← Docs
Helix CLI docs
Browse Helix CLI docs

AUROC delta demo (buyer-facing, offline-verifiable)

Helix computes AUROC for a scoring function against a frozen in silico evaluation pack, and emits offline-verifiable evidence bundles that include the metric, its provenance, and integrity checks.

What this demo proves

One thing only:

Given the same frozen evaluation pack, Candidate A is measurably better than Baseline B, and the proof is offline-verifiable.

Run (2 minutes)

From the repo root:

make demo-auroc-delta

What you should verify (no hand-waving):

  • Container digest (record the exact image digest you ran).
  • Evaluation pack id + pack digest:
    • Pack manifest SHA256 (preferred when present), and
    • Labels SHA256 (fallback digest and cross-check).
  • Rerun stability: run the same command twice and confirm the printed Baseline bundle SHA256 and Candidate bundle SHA256 lines match exactly.
  • Cross-machine stability: run on two machines using the same container digest and confirm the same SHA256 lines match exactly.

Alias (same target):

make demo_auroc_delta

The demo emits:

  • artifacts/demos/auroc_delta/baseline_helix_batch_report.zip
  • artifacts/demos/auroc_delta/candidate_helix_batch_report.zip
  • artifacts/demos/auroc_delta/compare.txt

What the buyer sees (comparison output)

artifacts/demos/auroc_delta/compare.txt includes:

Evaluation Pack: helix_eval_v1_batch_demo
AUROC (demo_top_k_guides, in silico)

Baseline:  0.8750
Candidate: 1.0000
Δ AUROC:  +0.1250

Pack manifest SHA256: <...>
Labels SHA256: <...>
Metric schema: helix.metrics.auroc/v1

Baseline bundle SHA256:  <...>
Candidate bundle SHA256: <...>

Comparability rule:

  • Δ AUROC is shown only when the evaluation pack id matches and the pack digest matches (pack manifest SHA256 if present, otherwise labels SHA256).
  • If the pack differs, output must explain why (for example: Not comparable: evaluation pack mismatch).

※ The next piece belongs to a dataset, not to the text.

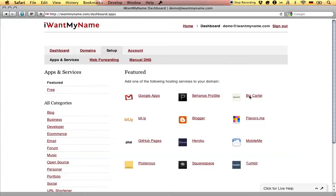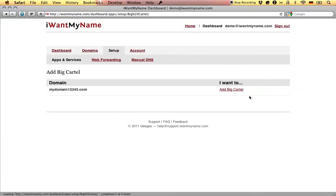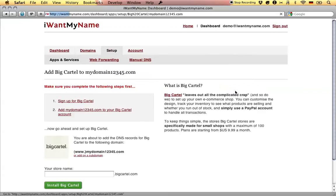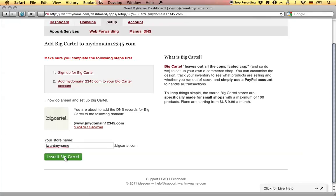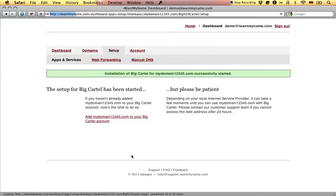Adding Big Cartel to your domain name is really easy. Simply go to the Setup tab in your I Want My Name dashboard, choose the Big Cartel app, enter your store name and click on Install Big Cartel. That's it, you've just added Big Cartel to your domain name at I Want My Name.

Example transcript (recorded)

$ make demo-auroc-delta
Evaluation Pack: helix_eval_v1_batch_demo
AUROC (demo_top_k_guides, in silico)

Baseline:  0.8750
Candidate: 1.0000
Δ AUROC:  +0.1250

Pack manifest SHA256: aa64c7c8026d2eec1c85cbefbe231bd8a08c4afa6572adf7e7fa83c2be0fa3d5
Labels SHA256: e84818f33a81973abf2c93bb816b724323c33816352ab6741c6c1d65a51c0796
Metric schema: helix.metrics.auroc/v1

Baseline bundle SHA256:  6a83ccce5e54ec27f7486f00f506b0a3ff16de923b66dded8a5f6ab5b7628a79
Candidate bundle SHA256: 3ebebdd30c8d6843567b39c5d8e4ffc49b9ab4f9ed2856a6c8b8f5c0b74b9d9c

!!! important AUROC reported by Helix is computed only against a declared in silico evaluation pack. It is not a claim of biological validation, real‑world performance, or real‑world accuracy. The metric is meaningful only within the scope, labels, and versioned provenance of the evaluation pack.

Evidence bundle statement

Each evidence bundle includes:

  1. helix_batch_report/metrics/auroc.json and helix_batch_report/metrics/auroc.sha256
  2. Evaluation pack provenance (full, per pack manifest):
    • helix_batch_report/evaluation_pack/evaluation_pack.json
    • helix_batch_report/evaluation_pack/labels.v1.json
    • helix_batch_report/evaluation_pack/README.md
    • helix_batch_report/evaluation_pack/manifest.json
  3. Batch report metadata with the evaluation fields (pack id + digests, metric schema id/version, tie policy, positive label)
  4. Receipts and hashes needed to verify integrity offline
AUROC, in silico evaluation
Pack: <pack id>
Pack manifest SHA256: <sha256>
Labels SHA256: <sha256>
Metric schema: <schema id>

Cross-machine proof line

To prove cross-machine bit identity, run make demo-auroc-delta on machine B using the same container digest and confirm the printed Baseline bundle SHA256 and Candidate bundle SHA256 lines match machine A.